The kits are assembled by Armstrong Tool Group, a division of Apex Tools, and most of the tools are Armstrong brand. All the tools are made in the USA (required under protectionist legislation), and with no demand for them outside the USG, the price can be set arbitrarily high.

The kit itself is contained in a molded plastic (probably something like nylon 6/6) case with seven drawers, and custom inserts to hold the required tools. Inside, there’s a list of what goes in each drawer, although the custom cutouts for the tools make it readily apparent where a tool you have out goes. This derives from normal military and aviation tool control practice. (Leaving the tool out not only risks losing the tool, but risks screwing up the machine it’s left in or on. Few machines digest tool steel well).
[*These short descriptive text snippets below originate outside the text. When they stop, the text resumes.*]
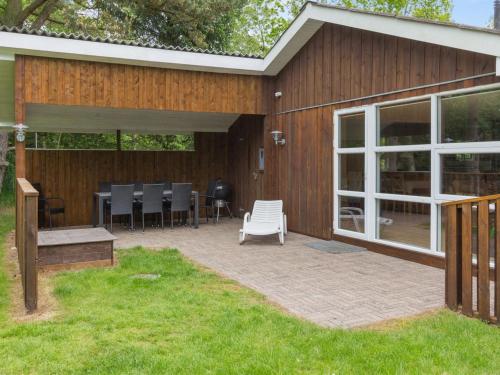 Zahrada ubytování Holiday Home Blazo - 400m from the sea by Interhome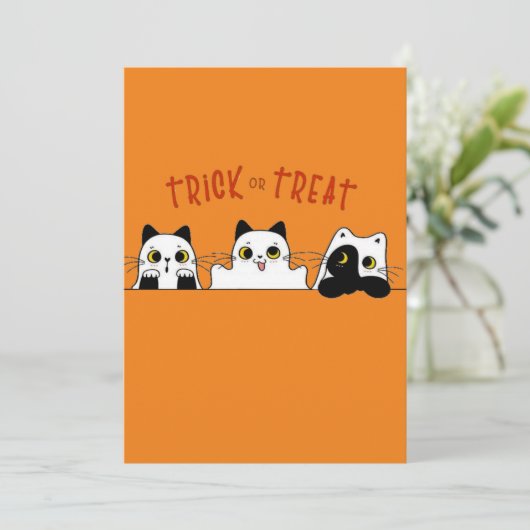 die niedlichen Halloween-Kätzchen Dankeskarte (Stehend Vorderseite)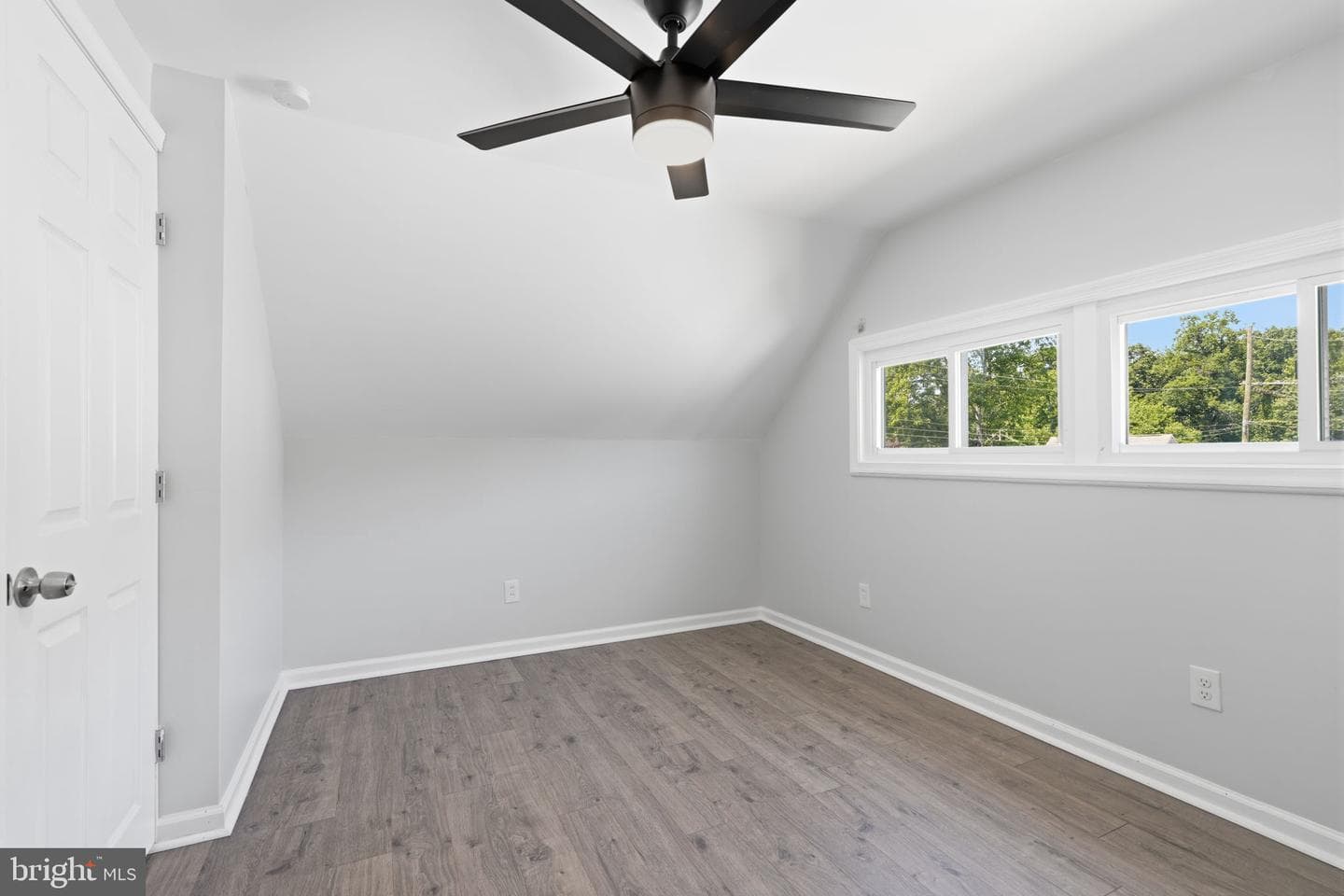47 Mintleaf Road photo 19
Most of the stuff in the kit, it turns out, is not very exotic, and is not firearms specific. Indeed, most of the stuff we use to build an AR is not included, and one wonders what use a lot of half-inch sockets are whilst working on small arms.

Top area: Miscellaneous Basics, including a multitool, a ratcheting screwdriver with regular and Torx bits, a 1 3/8″ open-end wrench, and a multimeter.

Drawer 1: Hand Tools. Hammers (dead blow and copper head), files, chisel, assorted punches (starting, driving, aligning, center) and an inspection mirror, magnetic pick-up wand. and magnifying glass.

Drawer 2: Grab ‘n’ Twist. Adjustable wrench, assorted vise-grips and pliers.

Drawer 3: Small Fastening. Screwdrivers, regular, Phillips head, and jewelers; drift pins; snap ring pliers; putty knife, tweezers, front sight adjustment tool.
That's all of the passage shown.